Why Bad Data Could Cost Entrepreneurs Millions
The one constant is that the only thing worse than not having any data at all, is drawing the wrong conclusions from bad data
The nature of being an entrepreneur entails taking risks, and that includes financial risks. But one financial risk many entrepreneurs fail to avoid stems from ignorance of the hidden costs of bad data. As many firms, including startups, become more data-driven with business models that depend on data (artificial intelligence firms, for example), poor quality data will increasingly become a systemic problem.
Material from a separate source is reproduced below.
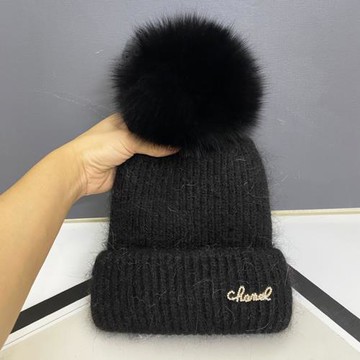 秋冬季女時尚字母黑色針織帽子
Data that entrepreneurs employ could cover anything and come from anywhere. Ride-hailing apps will purchase location data on a regular basis to ensure their maps are up-to-date and accurate; marketing firms will purchase location data on consumer travel patterns allowing them to sell out-of-home advertising space; and a new healthcare start-up will purchase data on health patterns and trends, to provide some examples. The data that these firms purchase will come from a data economy that currently lacks transparency. This lack of transparency increases the likelihood of bad data making its way into the company’s decision-making process.
The High Cost
Research has shown that bad data is on average costing businesses 30 per cent or more of their revenue. Research firm Gartner has found that the average cost of poor data quality on businesses amounts to anywhere between $9.7 million and $14.2 million annually. At the macro level, bad data is estimated to cost the US more than $3 trillion per year. In other words, bad data is bad for business.
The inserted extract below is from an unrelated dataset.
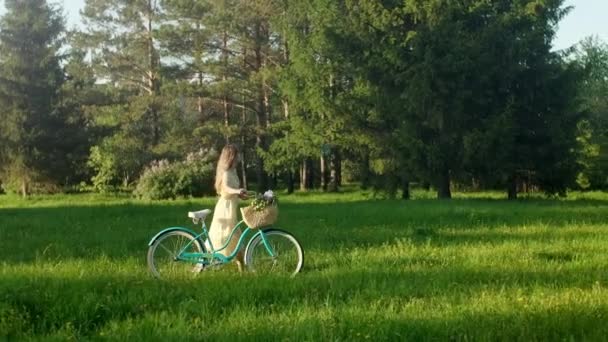 Happy Young Woman Walk With a Bike With Basket of Flowers on the On Countryside Road At Summer at Sunrise (em inglês). Mulher bonita no terreno Caminho campo de grama verde se divertindo e desfrutando da vida — Vídeo de Stock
For startups in sectors like Internet services, transportation, and data analytics, which have been found to have the highest rates of cash burn, losses from poor quality data is an unacceptable additional cost. Average burn rates are already high before we factor in these hidden costs: for pre-seed startups in the US, these are just under $18,000 per month. But that number gets bigger as the company grows: $75,000 for seed round companies, just under $400,000 for Series A, $500,000 for Series B, and $900,000 for later-stage startups.
Today, good quality data is so valuable, and so hard to come by, that startups which own large amounts of transparent, proprietary data of excellent provenance can secure nine-figure valuations on the back of it.
The problem really starts and ends with the data economy. Broadly put, the data economy is the production, flow, purchase, and sale of data. Data is created by data producers, such as ride-sharing apps, social media networks, telcos, banks, and a whole range of private enterprises. It is then stored anonymously in data storage centres and often purchased by a third party who seeks to use the data for their own, separate business purposes.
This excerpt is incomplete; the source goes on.